Blackstone invested an additional $200 million in Anthropic on February 10, 2026, bringing the world's largest alternative asset manager's total stake to approximately $1 billion at the AI startup's current $350 billion valuation. The investment comes less than a year after Blackstone participated in Anthropic's $13 billion Series F round that valued the Claude AI maker at $183 billion, representing a near-doubling of valuation in under twelve months.

The ongoing funding round has exceeded its original $10 billion target and is now expected to raise more than $20 billion amid overwhelming investor demand for exposure to leading generative AI companies. Anthropic has secured at least $1 billion commitments each from Coatue Management, Singapore's GIC, and Iconiq Capital, alongside as much as $15 billion from strategic investors Nvidia and Microsoft. Abu Dhabi's MGX is nearing a deal to join the round, according to sources familiar with the matter.

Blackstone's fresh commitment is being drawn primarily from the firm's retail-focused Blackstone Private Equity Strategies Fund (BXPE), making Anthropic one of the largest AI investments accessible to retail investors through a major asset manager. The allocation reflects Blackstone's conviction that Anthropic represents a generational investment opportunity in foundational AI infrastructure, similar to early-stage investments in cloud computing leaders during the prior technology cycle.

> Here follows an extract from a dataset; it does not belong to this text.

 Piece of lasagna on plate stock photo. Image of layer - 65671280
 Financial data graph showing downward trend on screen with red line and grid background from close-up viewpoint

The $350 billion valuation places Anthropic among the highest-valued private companies in history, trailing only rivals OpenAI and SpaceX in reported private market valuations. The valuation reflects investor confidence in Anthropic's ability to compete with OpenAI and Google in the foundation model market while maintaining differentiation through enterprise-focused features emphasizing safety, reliability, and constitutional AI principles that appeal to regulated industries.

Anthropic recently launched Claude Opus 4.6, its latest flagship model featuring improved reasoning, coding, and complex text generation capabilities. The release coincided with significant market volatility in traditional software stocks, which declined sharply as investors grew concerned that generative AI could automate functions historically driving software industry revenue growth. The software sector has lost approximately $2 trillion in market capitalization since early February, even as AI infrastructure companies have gained value.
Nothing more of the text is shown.